*** Opening of The input ***

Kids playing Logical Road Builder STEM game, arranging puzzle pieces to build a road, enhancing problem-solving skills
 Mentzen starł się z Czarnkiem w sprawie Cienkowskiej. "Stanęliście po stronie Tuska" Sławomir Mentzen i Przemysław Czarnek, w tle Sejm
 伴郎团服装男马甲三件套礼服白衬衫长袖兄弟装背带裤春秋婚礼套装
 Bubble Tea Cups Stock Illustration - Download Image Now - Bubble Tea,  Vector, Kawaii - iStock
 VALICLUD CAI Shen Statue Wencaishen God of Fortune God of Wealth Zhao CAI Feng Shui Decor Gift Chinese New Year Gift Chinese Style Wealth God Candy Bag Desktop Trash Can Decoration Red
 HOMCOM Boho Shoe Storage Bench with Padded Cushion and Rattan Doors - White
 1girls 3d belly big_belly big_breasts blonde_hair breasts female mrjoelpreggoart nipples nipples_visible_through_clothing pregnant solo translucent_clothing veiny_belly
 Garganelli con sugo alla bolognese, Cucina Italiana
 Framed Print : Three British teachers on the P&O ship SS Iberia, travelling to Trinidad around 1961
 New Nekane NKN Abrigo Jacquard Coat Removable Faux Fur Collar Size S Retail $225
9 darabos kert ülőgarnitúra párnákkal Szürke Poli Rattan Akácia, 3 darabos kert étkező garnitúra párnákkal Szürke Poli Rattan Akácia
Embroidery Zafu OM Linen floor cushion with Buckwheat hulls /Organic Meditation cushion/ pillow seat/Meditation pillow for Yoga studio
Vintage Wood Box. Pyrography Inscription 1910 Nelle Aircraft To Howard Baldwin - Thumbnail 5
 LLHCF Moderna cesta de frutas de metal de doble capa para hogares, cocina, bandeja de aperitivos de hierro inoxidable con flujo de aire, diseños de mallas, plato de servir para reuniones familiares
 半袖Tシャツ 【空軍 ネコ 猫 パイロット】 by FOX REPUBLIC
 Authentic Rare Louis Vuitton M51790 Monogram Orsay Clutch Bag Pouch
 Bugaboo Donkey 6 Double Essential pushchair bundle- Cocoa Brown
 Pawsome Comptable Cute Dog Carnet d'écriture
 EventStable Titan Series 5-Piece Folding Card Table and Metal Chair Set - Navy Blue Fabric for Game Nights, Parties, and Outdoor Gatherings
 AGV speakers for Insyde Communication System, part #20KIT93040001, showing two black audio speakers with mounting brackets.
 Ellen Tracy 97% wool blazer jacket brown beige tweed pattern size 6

*** Close of The input ***

Which lines run from the one holding "Mentzen starł się" through the one holding "Vintage Wood Box." in the records above? Repeat them exactly, both included, and nothing more.

**Answer for this exercise**
 Mentzen starł się z Czarnkiem w sprawie Cienkowskiej. "Stanęliście po stronie Tuska" Sławomir Mentzen i Przemysław Czarnek, w tle Sejm
 伴郎团服装男马甲三件套礼服白衬衫长袖兄弟装背带裤春秋婚礼套装
 Bubble Tea Cups Stock Illustration - Download Image Now - Bubble Tea,  Vector, Kawaii - iStock
 VALICLUD CAI Shen Statue Wencaishen God of Fortune God of Wealth Zhao CAI Feng Shui Decor Gift Chinese New Year Gift Chinese Style Wealth God Candy Bag Desktop Trash Can Decoration Red
 HOMCOM Boho Shoe Storage Bench with Padded Cushion and Rattan Doors - White
 1girls 3d belly big_belly big_breasts blonde_hair breasts female mrjoelpreggoart nipples nipples_visible_through_clothing pregnant solo translucent_clothing veiny_belly
 Garganelli con sugo alla bolognese, Cucina Italiana
 Framed Print : Three British teachers on the P&O ship SS Iberia, travelling to Trinidad around 1961
 New Nekane NKN Abrigo Jacquard Coat Removable Faux Fur Collar Size S Retail $225
9 darabos kert ülőgarnitúra párnákkal Szürke Poli Rattan Akácia, 3 darabos kert étkező garnitúra párnákkal Szürke Poli Rattan Akácia
Embroidery Zafu OM Linen floor cushion with Buckwheat hulls /Organic Meditation cushion/ pillow seat/Meditation pillow for Yoga studio
Vintage Wood Box. Pyrography Inscription 1910 Nelle Aircraft To Howard Baldwin - Thumbnail 5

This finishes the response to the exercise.